Artist Statement: My current portraits evolved out of many years of photographing people, especially my husband, the poet, Jim Moore, and creating a persona using him as what I sometimes call “my beloved Everyman.” In my pictures, Jim is a middle aged man doing non-dramatic things: sleeping or sitting or reading the newspaper. Although they began as descriptive works with psychological overtones, these portraits have increasingly been about the viewer’s relationship to Moore rather than Moore himself. He is life-size in all but a few images, and I have organized and chosen the subject matter that surrounds him to create an experience for the viewer that closely parallels an experience of looking in the world, to the point that boundaries become blurred.
Issues of intimacy, power in relationships, and so on—daily life stuff that we aren’t necessarily conscious of, but that goes on all the time—enter these portraits. My style is as relaxed as a snapshot precisely to invite the viewer to slip inside the picture-place/situation as we so easily enter a snapshot. To a greater and greater extent, the human element—Jim or my niece, Mira, for example—has been entangled or surrounded with culturally symbolic or metaphorical elements. The landscape or “ground” behind the “figure” is not secondary or incidental.

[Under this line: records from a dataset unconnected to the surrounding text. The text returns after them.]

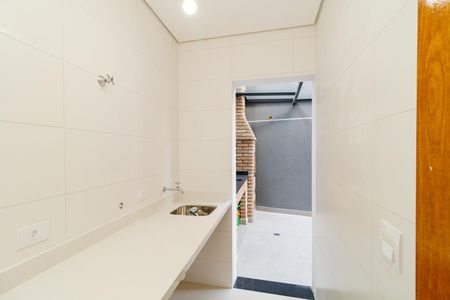 Casa à venda com 140m², 3 quartos e 3 vagasÁrea de Serviço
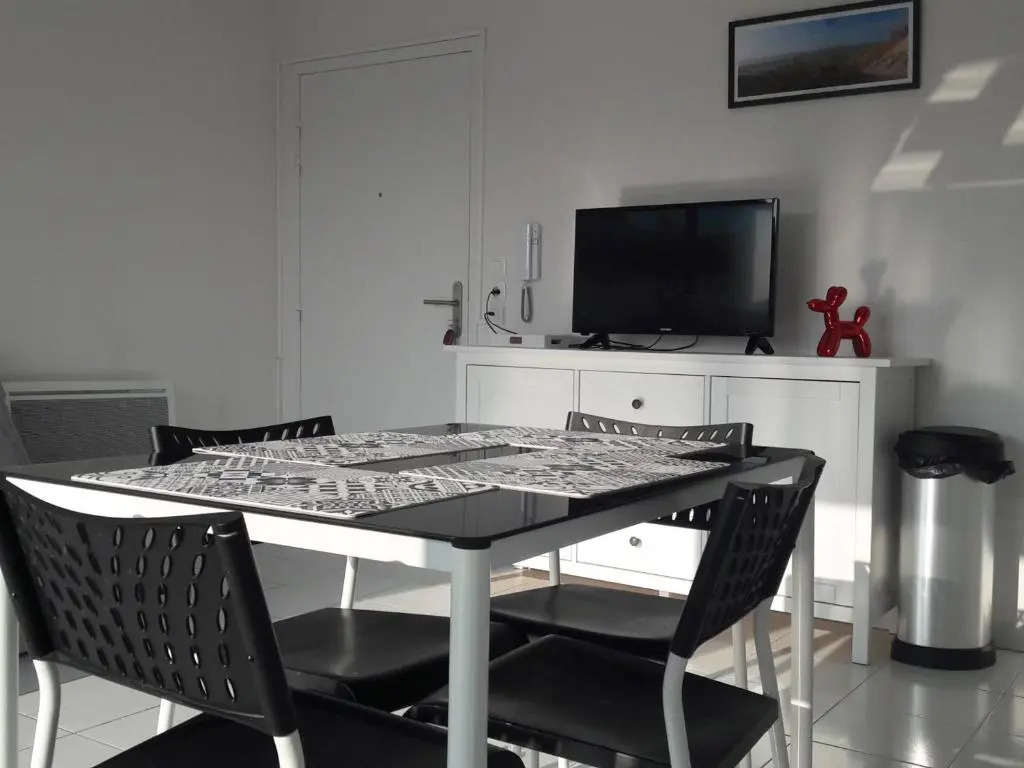 Appartement Fort-Mahon-Plage, 1 pièce, 4 personnes - FR-1-482-58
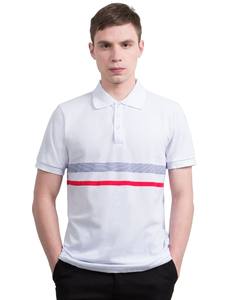 Algodón orgánico 100% para Polos Opción de Jersey de patrón sólido - Product Image 6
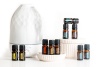 Набор эфирных масел doTERRA «Аромагия» с диффузором VOLO, 10x5 мл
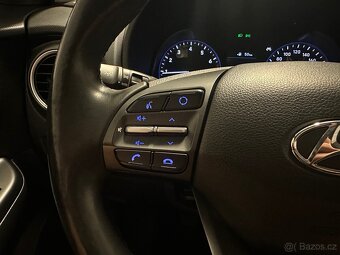 Hyundai KONA 1.0 T-GDI 88 kW NAVI KAMERA LED CarPlay - 13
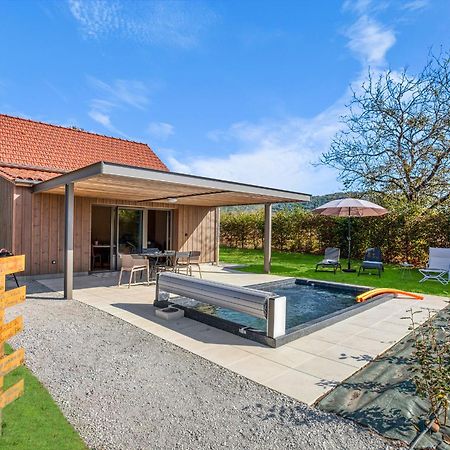 La Plaine Aux Etoiles - Maison Individuelle Avec Piscine Balneo Privative Et Jardin Дом Екстериор снимка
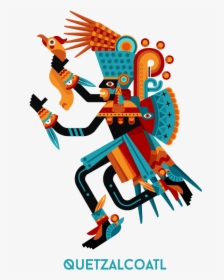 Download By Pedro Melo - Tezcatlipoca Png, Transparent Png, Free Download
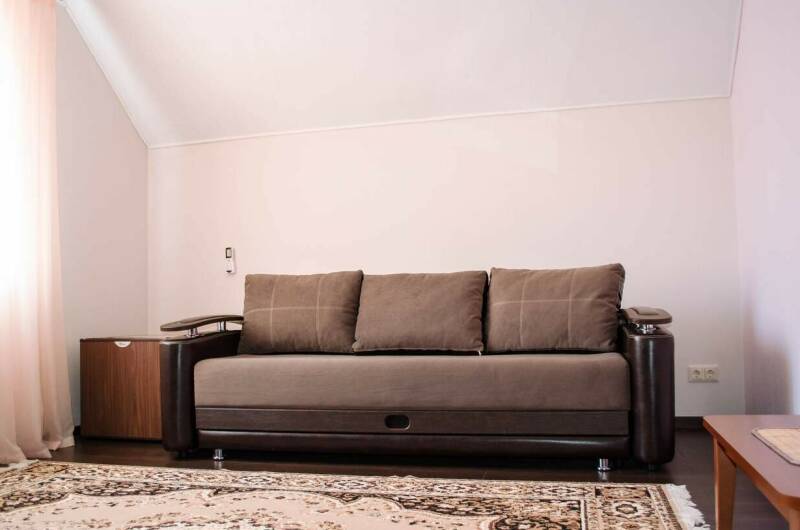 Двухместный номер № 1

For twenty-five years I’ve also worked extensively with dancers and others in the time-based arts. The evolution of my photographic practice has been to treat photographs more and more like site specific sculpture, thinking of the room in which they will be seen, the viewer’s scale in relationship to the scale of my subject matter, how the viewer’s time will relate to the implied time in the photograph, and other such issues that are familiar to practitioners of dance, installation, architecture, and theater, but haven’t been traditional issues of photography.
I am dedicated to reaching out beyond the boundaries that separate us as isolated individuals.
Biography: JoAnn Verburg’s photographs have been exhibited nationally in museums and galleries, and are in collections of The Boston Museum of Fine Arts, The LA County Museum, The San Francisco Museum of Modern Art, The Whitney Museum, The Minneapolis Institute of Art, The National Portrait Gallery, The International Center of Photography, The International Museum of Photography at George Eastman House, The Museum of Contemporary Photography (Chicago) The Weisman Art Museum, The Wellesley College Museum, The Museum of Fine Arts (Houston) and The Museum of Modern Art (New York) among others. Verburg received a Guggenheim Fellowship in 1986.
Verburg was a founding member of The Rephotographic Survey Project in Colorado, and located sites that had been photographed in the 19th century and rephotographed them as they appeared in 1977. In 1980 she created The Visiting Artist Program for Polaroid Corp.in Massachusetts. Since 1990 she has created public art for the Hiawatha branch of the Minneapolis Light Rail, The University of Minnesota, and The Mill City Museum in Minneapolis, as well as three collaborative artworks at Art Park near Niagara Falls with her husband, poet Jim Moore.
The Museum of Modern Art has recently announced plans for a mid-career retrospective of her work from July 15 through October 8, 2007.